Keywords: [ Clustering ] [ Combinatorial Optimization ] [ Non-convex Optimization ] [ Optimization - Non-convex ]

Abstract:
Learning community structures in graphs that are randomly generated by stochastic block models (SBMs) has received much attention lately. In this paper, we focus on the problem of exactly recovering the communities in a binary symmetric SBM, where a graph of $n$ vertices is partitioned into two equal-sized communities and the vertices are connected with probability $p = \alpha\log(n)/n$ within communities and $q = \beta\log(n)/n$ across communities for some $\alpha>\beta>0$. We propose a two-stage iterative algorithm for solving this problem, which employs the power method with a random starting point in the first-stage and turns to a generalized power method that can identify the communities in a finite number of iterations in the second-stage.
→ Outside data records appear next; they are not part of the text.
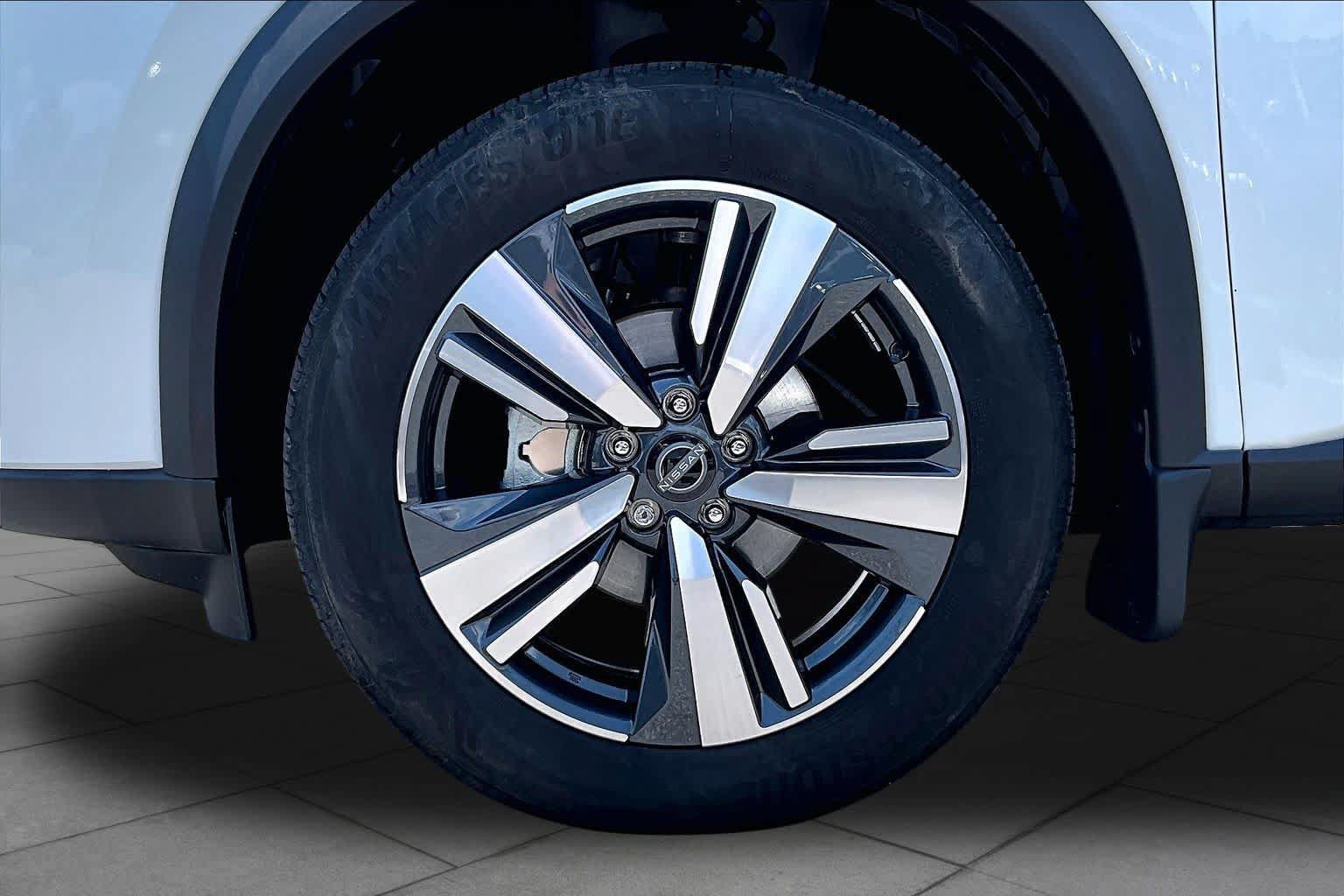 Used 2024 Nissan Rogue SL w/ SL Premium Package FWD image 11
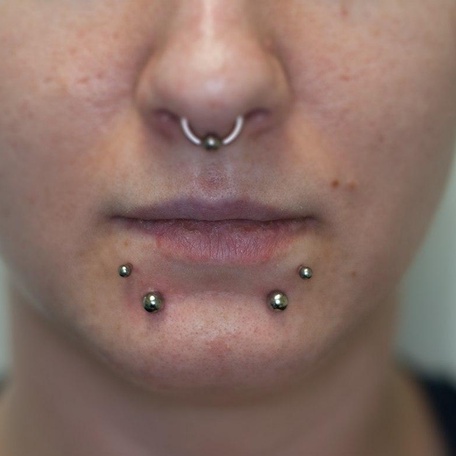 ПИРСИНГ LABRET УКУСЫ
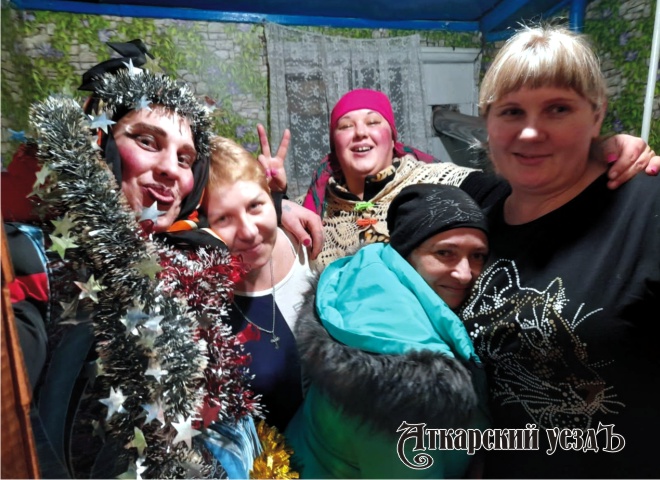 Ряженые поздравили жителей села Большая Екатериновка с Рождеством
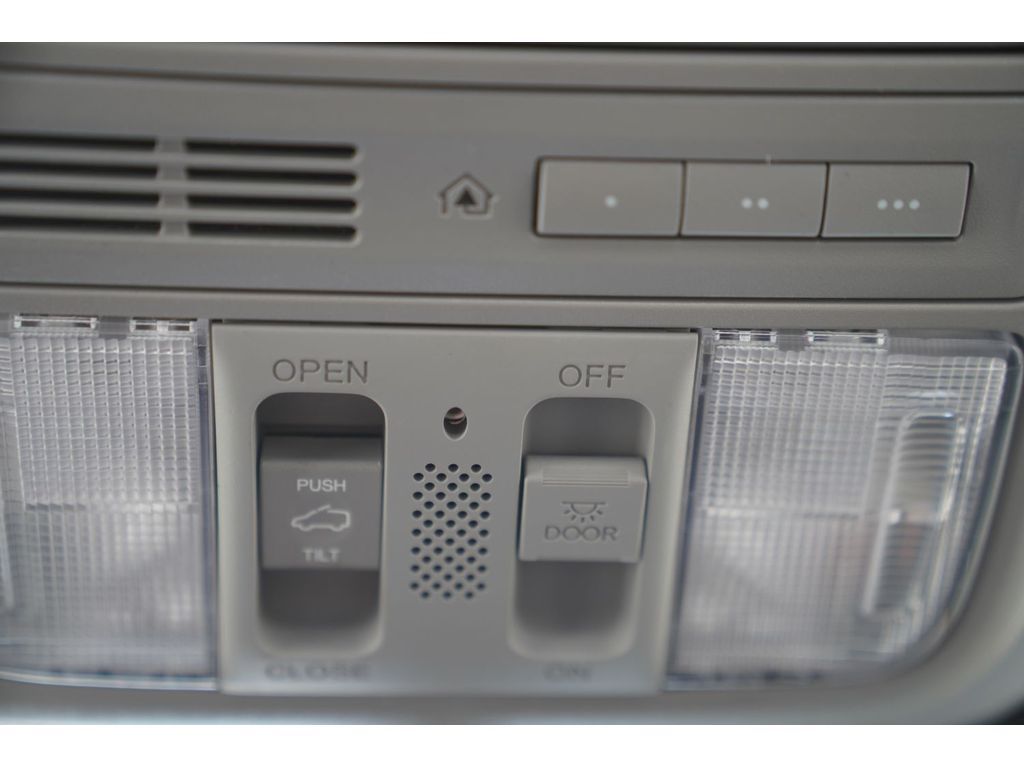 Main image 33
It is shown that for any fixed $\alpha$ and $\beta$ such that $\sqrt{\alpha} - \sqrt{\beta} > \sqrt{2}$, which is known to be the information-theoretical limit for exact recovery, the proposed algorithm exactly identifies the underlying communities in $\tilde{O}(n)$ running time with probability tending to one as $n\rightarrow\infty$. As far as we know, this is the first algorithm with nearly-linear running time that achieves exact recovery at the information-theoretical limit. We also present numerical results of the proposed algorithm to support and complement our theoretical development.